Nor will my very best efforts be greeted with scorn and doubt.

On this earth there is a land, where to claim my niche as a man

I need make no atonement for the grandeur of my sires;

There the echo of my groans will not be cold contempt,

Nor when I cry with pain will the crowds all exultate.

On this earth there is a land, where they won't hamstring my thoughts,

Where they won't insult my pride with a yoke around my neck.

It is no paradise; but there's food enough for me.

It is not very large; but there's room enough for me.

For this country is mine own, and my eternity is here.

In its green vales I'm the grass, I'm the sand of its desert wastes.

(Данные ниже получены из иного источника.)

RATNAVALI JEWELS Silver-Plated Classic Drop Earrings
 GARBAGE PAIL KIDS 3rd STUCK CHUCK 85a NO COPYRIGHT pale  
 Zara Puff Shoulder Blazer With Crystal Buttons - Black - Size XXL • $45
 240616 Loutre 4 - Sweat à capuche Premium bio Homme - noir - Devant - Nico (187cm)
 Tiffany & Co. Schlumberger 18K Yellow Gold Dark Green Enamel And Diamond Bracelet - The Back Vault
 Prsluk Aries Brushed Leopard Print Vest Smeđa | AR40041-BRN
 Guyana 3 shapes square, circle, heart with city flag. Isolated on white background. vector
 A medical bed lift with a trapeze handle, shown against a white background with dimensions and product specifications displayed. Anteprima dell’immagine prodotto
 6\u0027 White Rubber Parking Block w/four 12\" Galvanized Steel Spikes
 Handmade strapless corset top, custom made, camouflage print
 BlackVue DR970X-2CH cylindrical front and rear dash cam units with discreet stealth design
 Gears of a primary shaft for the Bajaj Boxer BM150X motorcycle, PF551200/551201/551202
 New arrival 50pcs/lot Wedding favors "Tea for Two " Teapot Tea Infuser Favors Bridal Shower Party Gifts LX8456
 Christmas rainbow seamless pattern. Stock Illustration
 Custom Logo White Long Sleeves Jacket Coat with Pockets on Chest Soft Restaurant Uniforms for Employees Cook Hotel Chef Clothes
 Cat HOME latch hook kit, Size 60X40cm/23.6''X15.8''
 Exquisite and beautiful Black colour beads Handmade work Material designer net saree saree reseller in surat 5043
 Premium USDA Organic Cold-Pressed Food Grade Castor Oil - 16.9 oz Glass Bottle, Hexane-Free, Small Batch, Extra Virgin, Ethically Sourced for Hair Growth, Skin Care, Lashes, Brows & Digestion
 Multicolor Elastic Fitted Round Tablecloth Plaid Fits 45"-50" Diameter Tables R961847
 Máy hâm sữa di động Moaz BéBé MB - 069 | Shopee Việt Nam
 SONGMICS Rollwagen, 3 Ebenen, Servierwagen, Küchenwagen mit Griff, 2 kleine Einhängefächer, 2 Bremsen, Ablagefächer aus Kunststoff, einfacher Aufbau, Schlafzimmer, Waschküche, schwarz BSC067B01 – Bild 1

To sprout and bloom in its soil, to mingle with its soil —

For nothing more I ask — for nothing more I grieve.

Выходило совершенно по-советски: как Лермонтову не разрешали быть чуть-чуть шотландцем, так и мне не к лицу быть евреем. Идея двойного гражданства не укладывалась в головах тогдашних «думающих людей». Они словно бы еще в XIX веке жили, по Тургеневу: «Россия без каждого из нас обойтись может, но никто из нас без нее не может обойтись». Что мир переменился; что ту Россию, отчасти выдуманную, корова языком слизала; что этнос на дворе другой (не говоря уж об этосе и культуре), — это нам в голову не шло. Говорю

нам

, потому что и мне было тяжело этот барьер перешагнуть. Шаг сопровождался тяжелейшим приступом ностальгии. Соблазн «великой русской литературы», наколотой булавкой и помещенной под стекло сто лет назад, застил зрение. Это была фата-моргана, гипноз. Открыть глаза и увидеть простую вещь: что город вокруг нас построен другой расой для другой расы; что мы всей гурьбой — большевики,

часовщики

, отказники — прав на эти дворцы и воды не имеем, притом в одинаковой степени, — это стояло за пределами восприятия и постижения, а сейчас — очевидно. Расстояние между Россией Пушкина и Россией после 1917 года — то же, что между Русью Ярослава и Московией Ивана Грозного. На дворе — другой, во всех смыслах другой народ, переродившийся, а в ту пору — еще и оглушенный изоляцией, оторванный от всего мира, совершенно как Московия была оторвана от Европы. Традиция нашептывала народнические басни: «спасибо вам скажет сердечное», а повседневность, здравый смысл и совесть говорили, что под одним небом с этим народом оставаться нельзя.

Разговор о еврейской процентной норме в советских вузах тоже мог восходить к ЛЕА-1: к статье

Немного статистики

за подписью Г. Р-н, написанной мною (о чем Останин знать не мог) по материалам Валерия Скобло. Я не сознавал, в какой степени ЛЕА раздражал моих коллег по Уткиной Даче и вообще вторую литературу, сплошь, без оглядки на форму носа, тянувшую в сторону православного патриотизма. Я мог бы оказаться проницательнее: доходили слухи, что Кривулин интересовался «еврейским журналом», который будто бы я издавал. Но я ничего не издавал, я помогал издавать. ЛЕА ни на минуту не был моим предприятием.